Seeing other successful crowdfunding projects, the group turned to Kickstarter to raise the additional funds from family, friends and even complete strangers online. They ended up surpassing their goal, raising $8,777 from 90 backers.
“It’s been really incredible,” Pizzichemi said. “We’ve been a little overwhelmed by all the support. This is really lovely of everyone from our past or even people we don’t know who are curious about our work. That’s also exciting.”
One backer had no ties to the Quartet.
“One of the most exciting donations, we got one donation from a random person on Kickstarter, who just came across it,” Braun said. “None of us knew who it was. Looking at their profile, they just have supported some random projects, and they chose ours.”
They recorded the CD from Aug. 7-14 at Engel Recital Hall at Union College in Lincoln with the help of Grid Studio and Producer Philip Zach.
“Engel Hall is a nice space, and they happened to be closed, so we could get in there and record with the Grid Studio,” Pizzichemi said. “We really enjoyed working with Philip a lot.”
They did sound checks both in the studio and also at Engel Hall, but ultimately decided they liked their sound better in the performance space.
“We wanted it to sound very passionate and realistically how we would perform, rather than a study,” Pizzichemi said.
Braun said the recording process was interesting, but they enjoyed it.

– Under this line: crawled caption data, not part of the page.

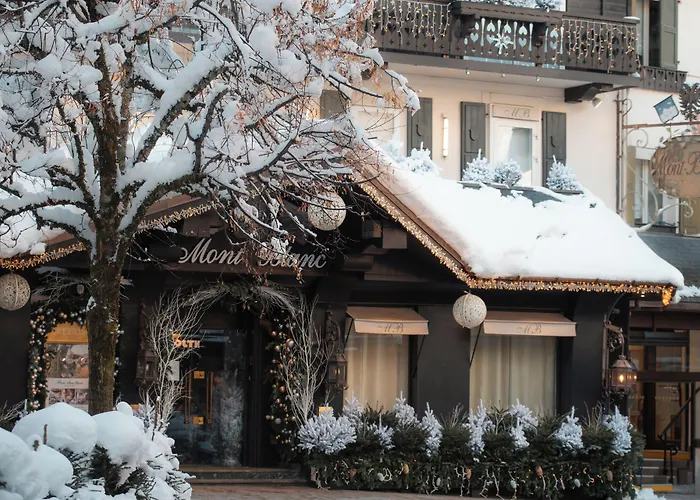 Hotel Mont Blanc Megève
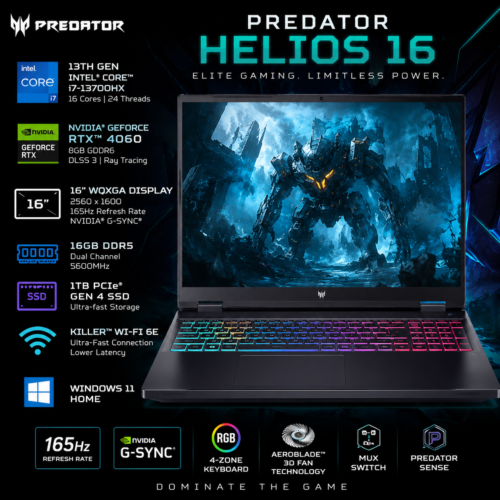 Helios RTX 4060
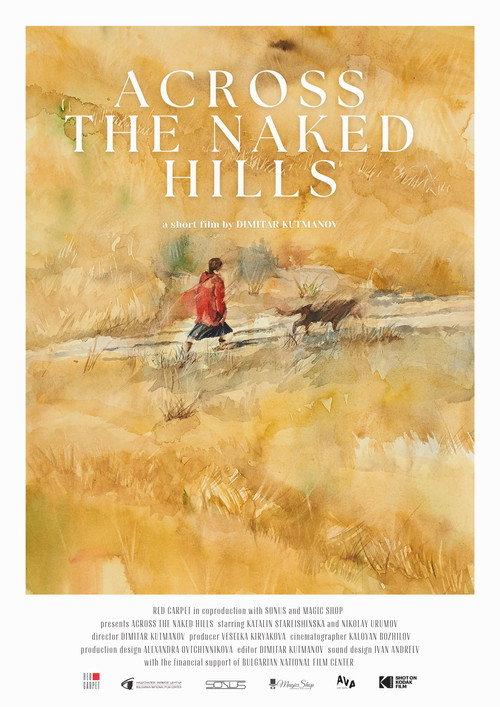 Across the Naked Hills 2024 official movie poster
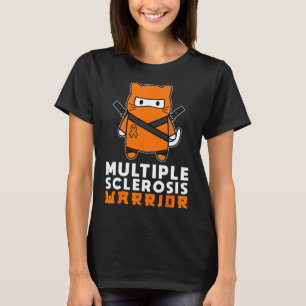 Für Sklerose Kriegerin Frau Month T-Shirt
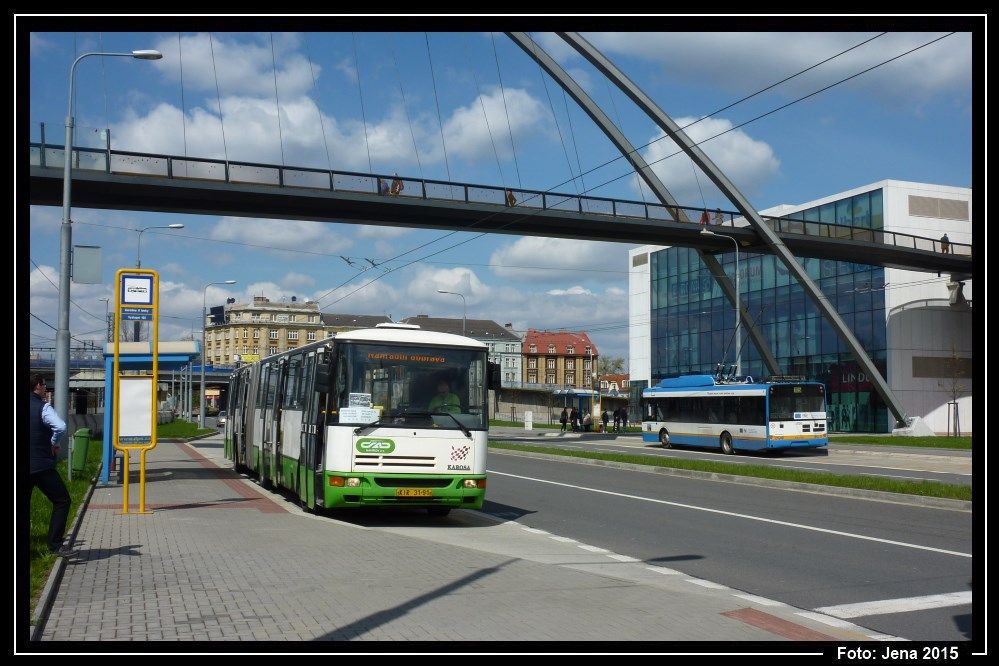KIR 31-91, Moravsk� Ostrava, U l�vky (Karol�na), 19.04.2015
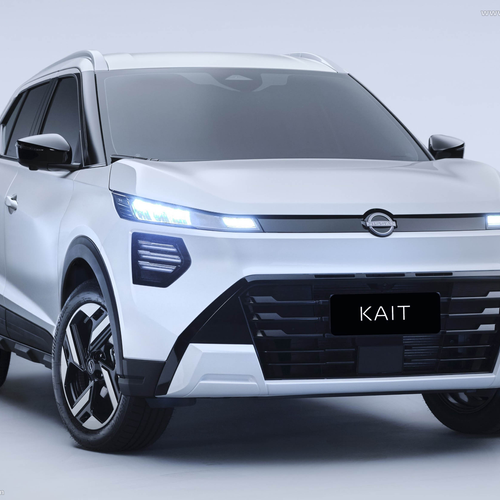 2026 Nissan Kait Front View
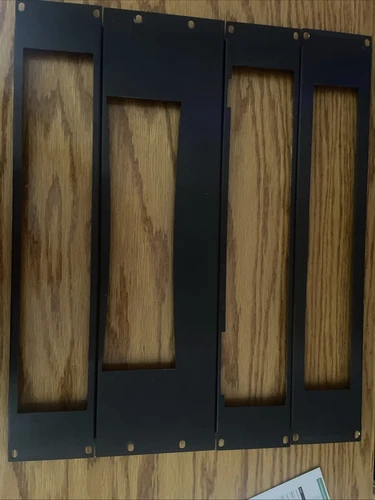 Middle Atlantic Face Plates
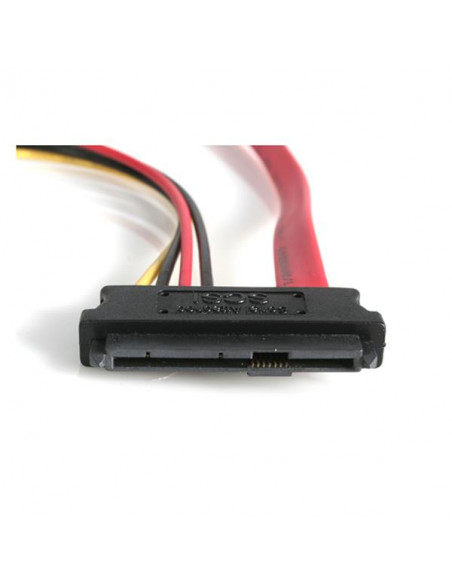 StarTech.com Cavo SAS 29 Pin a SATA e alimentazione LP4, 45 cm
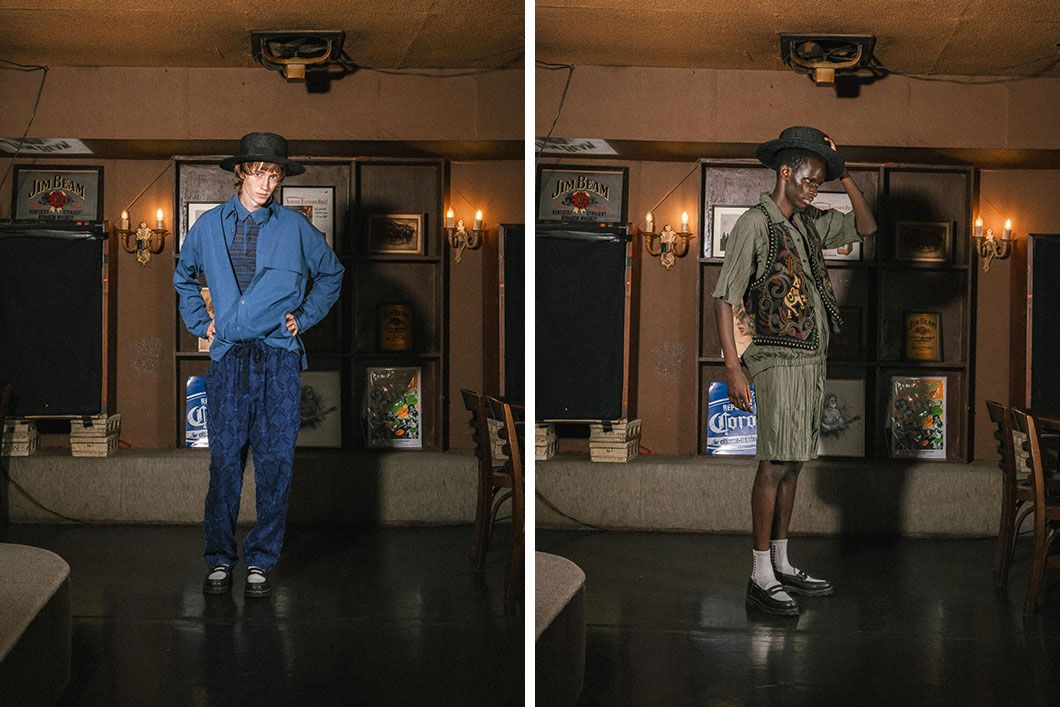 Enharmonic tavern 2024 collection lookbook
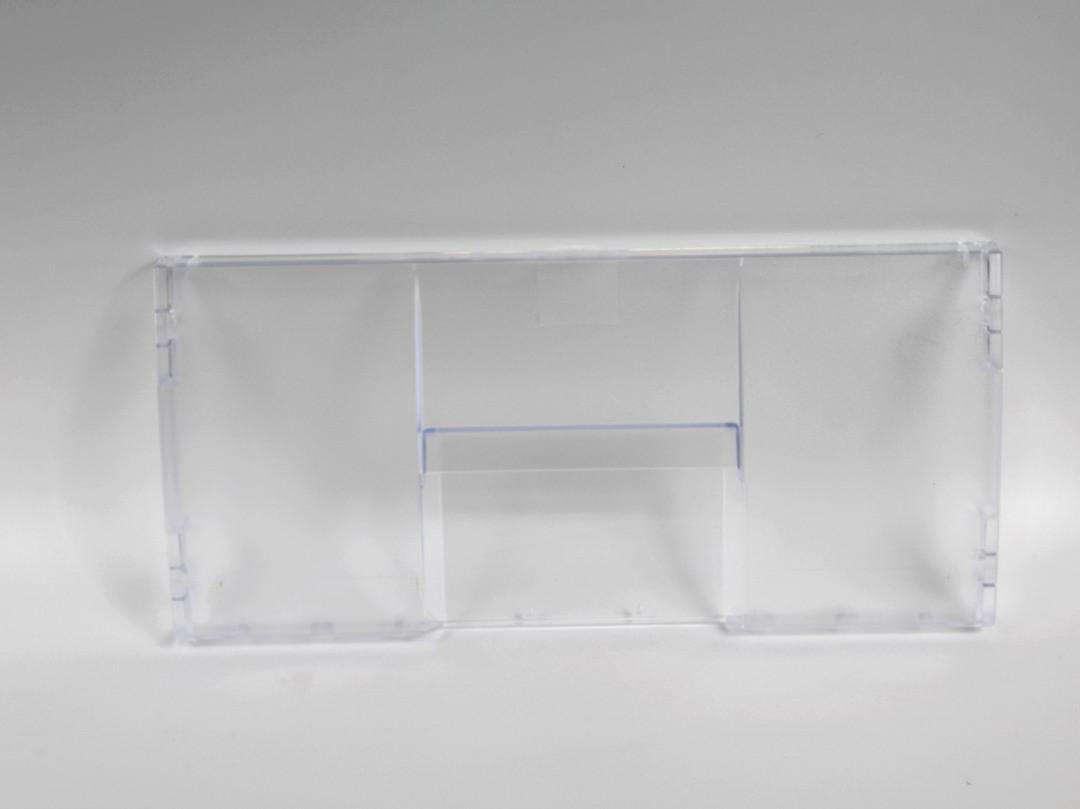 FACADE Froid TIROIR Inférieur Congélateur TRANSPARENT CLAIR 386*180*30 420662-3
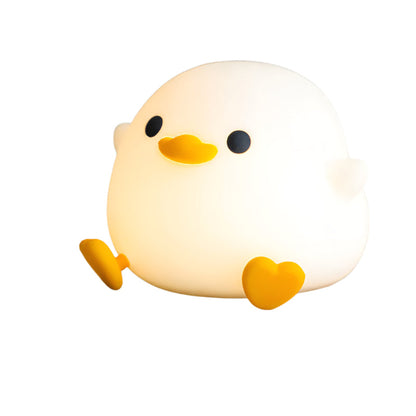 Soft Duck Night Lamp with Adjustable Brightness - Yeezlab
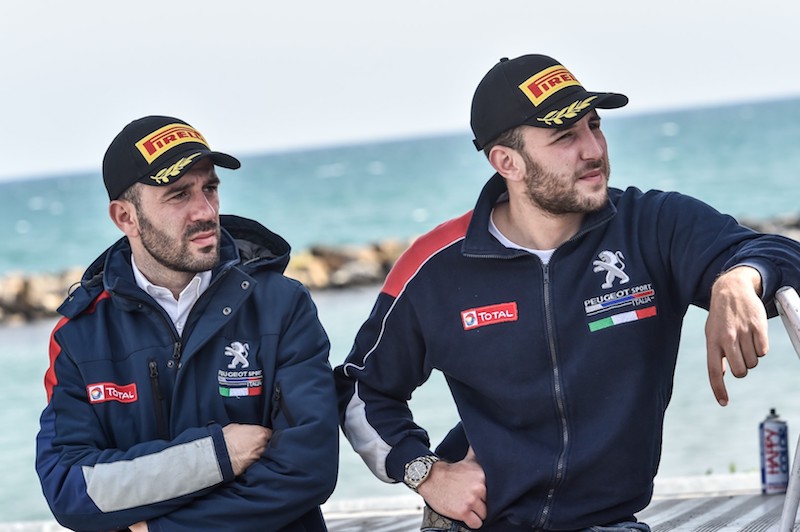 10° DEL RALLY TARGA FLORIO, i leoni Peugeot sbarcano in Sicilia 10° DEL RALLY TARGA FLORIO, i leoni Peugeot sbarcano in Sicilia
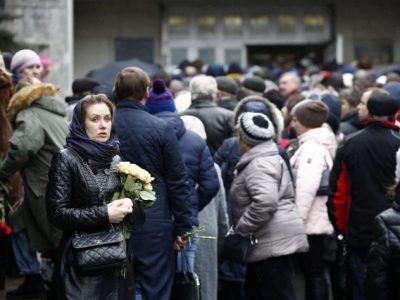 Похороны Юлии Началовой: опубликованы фото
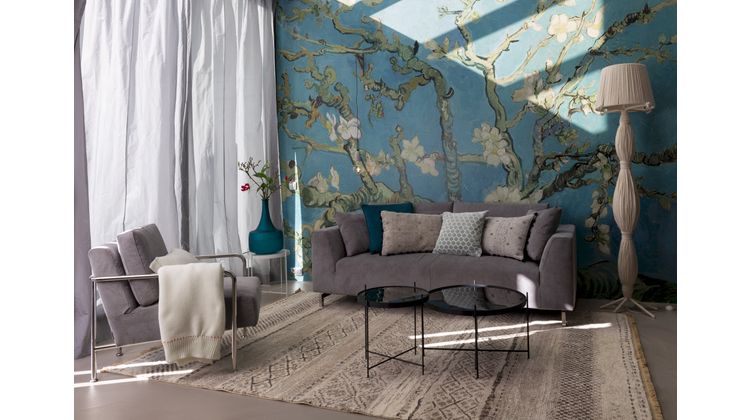 Zuiver Cupid Marble Bijzettafel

“It took us a few days to get settled, but we would choose our movement or whatever we were going to do that day, and we would sit down, do a play through, listen to it, generally discuss what were the problems, what were the things we could do better or what were the things we liked a lot,” Braun said. “We’d take notes and then repeat that process and go back through and start doing smaller sections.”
In the end, the CD represents what the Skyros Quartet wanted on each of the three pieces they performed.
“In the end, it is what we wanted,” Pizzichemi said. “Philip made sure it was always consistent.”
Hearing themselves on high-end recording equipment was also a new experience.
“We had never heard ourselves on such amazing recording equipment,” Pizzichemi said. “It was an accurate representation of how we were playing. It was like the most intense rehearsals we have ever done.”
“It’s really like what the audience hears,” Braun added.
The CD will include nine tracks, each representing a movement of three works by Benjamin Britten, Joaquin Turina and Jean Sibelius.
Sibelius’ string quartet is titled “Voces Intimae” and consists of five movements.
“It was the first, big 20th century string quartet,” Pizzichemi said. “It really brings in the elements of Scandinavian folk music, while still being a really lush, post-romantic piece.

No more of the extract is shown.